◆第108回全国高校野球選手権大会第14日 ▽準決勝 智弁和歌山7―1横浜(20日・甲子園

 智弁和歌山が横浜を下し、優勝した2021年以来、5年ぶりの決勝進出を果たした。

 世代屈指の最速157キロ右腕、横浜・織田翔希(3年)をKOした。

 3回、先頭から荒井優聖(3年)、井本陽太(2年)の連打で無死一、二塁から4番・山田凜虎(3年)が三塁線を破る適時二塁打で1点を先行すると、5番・楠本龍生(3年)が右翼席へ3ラン。楠本は“確信歩き”でガッツポーズ。この回途中で、織田を降板させた。

 楠本は「球が速いのでしっかり上からたたいて。(野球人生の中でも)一番完璧でした。真っすぐ一本で待っていました」と笑顔で語った。

 織田対策でサポートメンバーが分析したデータを生かした。カウント2ボール0ストライクでは直球が来る。「100パーセント真っすぐが来るというデータが出ていたので仕留めることが出来ました」と胸を張った。

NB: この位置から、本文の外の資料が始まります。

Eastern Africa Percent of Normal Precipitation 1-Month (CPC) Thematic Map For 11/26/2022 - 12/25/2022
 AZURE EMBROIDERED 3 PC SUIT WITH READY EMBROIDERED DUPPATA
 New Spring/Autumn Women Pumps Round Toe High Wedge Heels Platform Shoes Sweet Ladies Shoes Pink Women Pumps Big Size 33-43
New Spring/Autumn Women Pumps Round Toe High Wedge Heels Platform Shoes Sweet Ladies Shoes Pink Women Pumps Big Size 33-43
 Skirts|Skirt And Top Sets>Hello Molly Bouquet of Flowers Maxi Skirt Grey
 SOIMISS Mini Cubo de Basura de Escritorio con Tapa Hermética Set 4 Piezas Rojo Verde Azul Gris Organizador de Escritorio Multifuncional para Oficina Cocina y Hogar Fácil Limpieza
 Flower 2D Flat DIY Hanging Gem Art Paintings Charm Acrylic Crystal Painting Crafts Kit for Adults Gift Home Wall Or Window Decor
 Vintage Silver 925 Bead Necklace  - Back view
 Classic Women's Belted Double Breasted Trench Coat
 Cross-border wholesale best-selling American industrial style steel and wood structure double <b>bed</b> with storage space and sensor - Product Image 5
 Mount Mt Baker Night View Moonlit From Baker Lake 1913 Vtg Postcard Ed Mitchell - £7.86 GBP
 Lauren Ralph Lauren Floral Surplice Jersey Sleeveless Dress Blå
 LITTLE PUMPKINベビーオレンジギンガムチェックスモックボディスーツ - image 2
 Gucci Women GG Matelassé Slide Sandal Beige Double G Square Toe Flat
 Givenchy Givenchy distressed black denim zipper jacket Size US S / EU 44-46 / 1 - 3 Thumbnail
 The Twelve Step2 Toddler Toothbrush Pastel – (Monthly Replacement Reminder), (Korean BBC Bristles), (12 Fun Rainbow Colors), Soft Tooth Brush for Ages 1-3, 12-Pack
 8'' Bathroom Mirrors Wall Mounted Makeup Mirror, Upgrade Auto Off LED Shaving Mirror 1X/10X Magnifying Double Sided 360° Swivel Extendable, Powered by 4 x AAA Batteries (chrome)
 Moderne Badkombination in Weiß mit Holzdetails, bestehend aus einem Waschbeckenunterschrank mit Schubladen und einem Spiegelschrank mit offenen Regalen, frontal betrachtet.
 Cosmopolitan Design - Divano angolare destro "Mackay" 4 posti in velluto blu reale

 前日の19日には170キロの直球でマシン打撃を行った。「(今日の織田の投球は昨日と)同じくらいに見えたけれど、目慣らししていたから打てたと思います」と話した。

 中谷仁監督(47)は「あのホームランはチームとして大きかった。

打撃がいい選手なのでここ一番で打ってくれると信じていました」と楠本の活躍に感謝した。3回の強攻策にも「バントでアウトを相手に与えるのではなく、とにかく攻める、攻める、という気持ちで向かった結果だと思います」と話した。

 昨年のセンバツは決勝で横浜に敗れた。その時に抑えられた織田を攻略。リベンジを果たし最高の形で決勝進出を決めた。